§ Exercise instructions: Please transcribe exactly the lines from the line holding "hydrate. You don't" through the end of the data below, and skip any pictures.

§ Listed records:
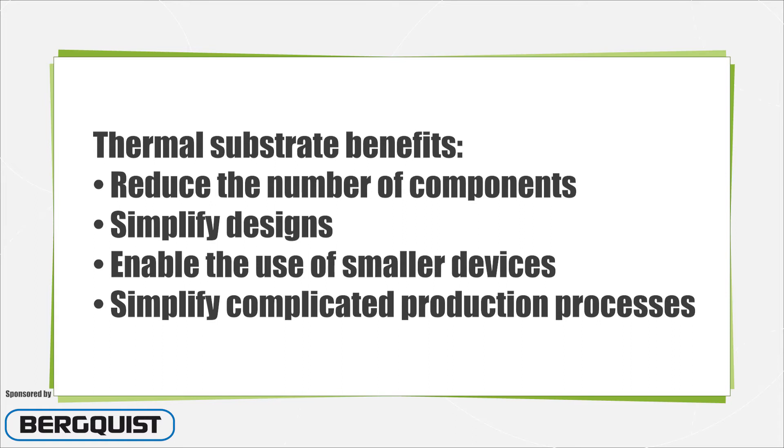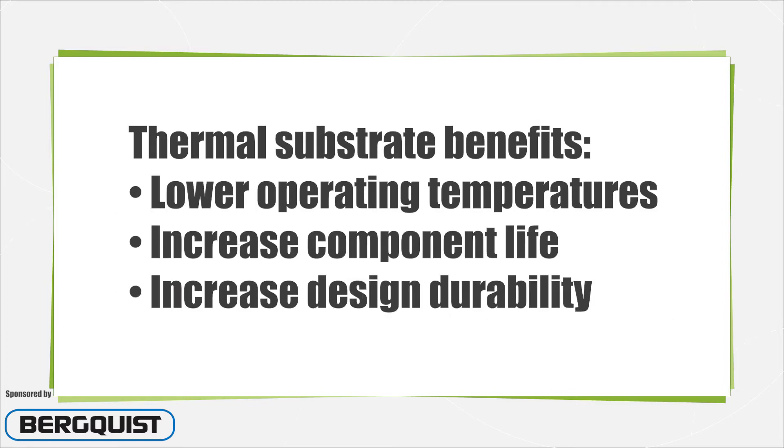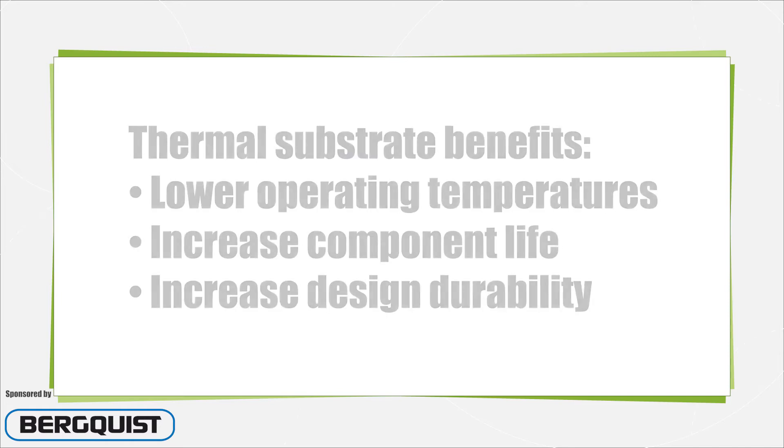The substrates can eliminate components, facilitate simpler designs, smaller devices, and simplify complicated production processes. In addition, the thermal substrates lower operating temperatures which increases the length of component life. The substrates also increase durability because designs can be kept simple while components are kept cool.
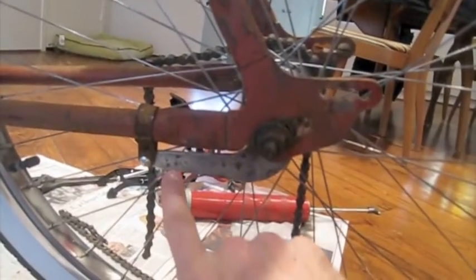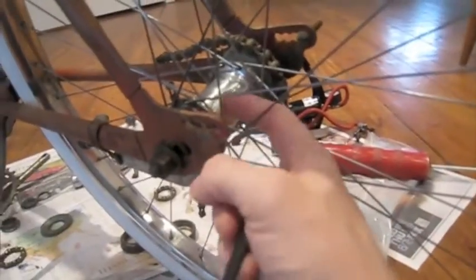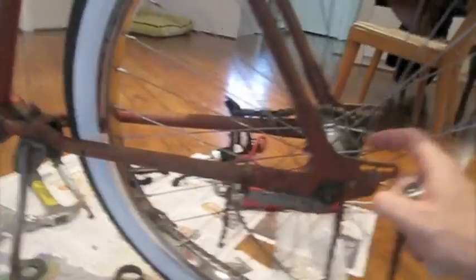The coaster brake hub on the Rollfast is a New Departure hub, which I know because it's printed right here on the brake arm — New Departure. Some New Departure hubs also have it printed on the hub itself. This one does not, but it's printed on the brake arm, and when I disassembled this hub, the way it is designed also shows me clearly that it's a New Departure Model D hub. New Departure had several different model hubs, although they were of similar design. This is a Model D hub.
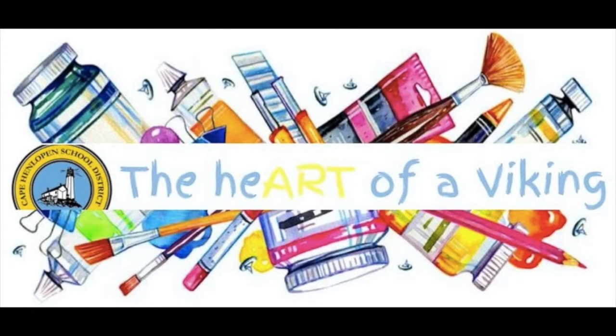Welcome to the Heart of a Viking. These art lessons are taught by Mrs. Minto from the Cape and Lopen School District in Delaware. I hope you have fun, create imaginative works of art, and make sure you share them with someone because, after all, the visual arts are meant to be seen.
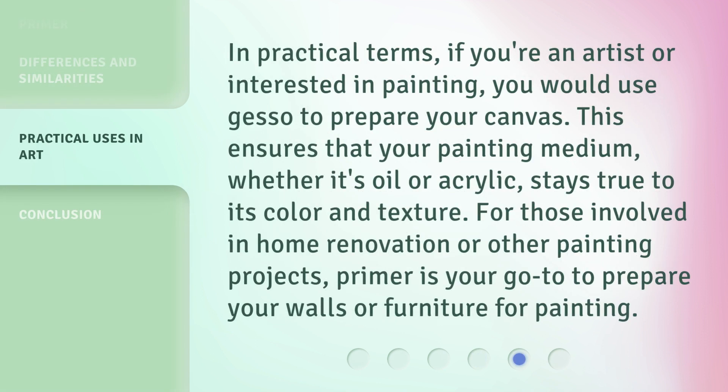In practical terms, if you're an artist or interested in painting, you would use gesso to prepare your canvas. This ensures that your painting medium, whether it's oil or acrylic, stays true to its color and texture. For those involved in home renovation or other painting projects, primer is your go-to to prepare your walls or furniture for painting.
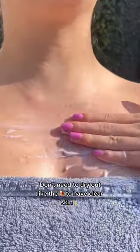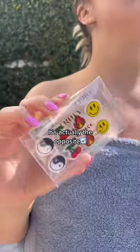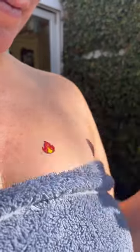hydrate. You don't need to dry out like the Sahara to have clear skin — it's actually the opposite. And lastly, don't pop it, you're causing more zits. Patch it instead.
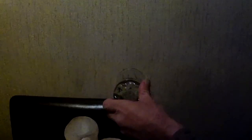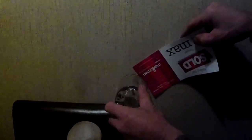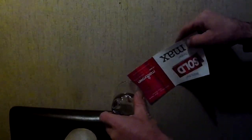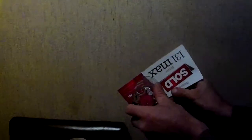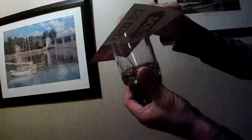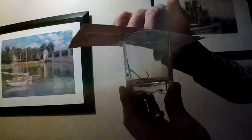And this is how you catch them. One glass, one bit of cardboard. Like that. Slide it underneath. He's an active little fella. And then lift up the cardboard. Then you're done. He's an active little bugger.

§ Answer section:
hydrate. You don't need to dry out like the Sahara to have clear skin — it's actually the opposite. And lastly, don't pop it, you're causing more zits. Patch it instead.
And this is how you catch them. One glass, one bit of cardboard. Like that. Slide it underneath. He's an active little fella. And then lift up the cardboard. Then you're done. He's an active little bugger.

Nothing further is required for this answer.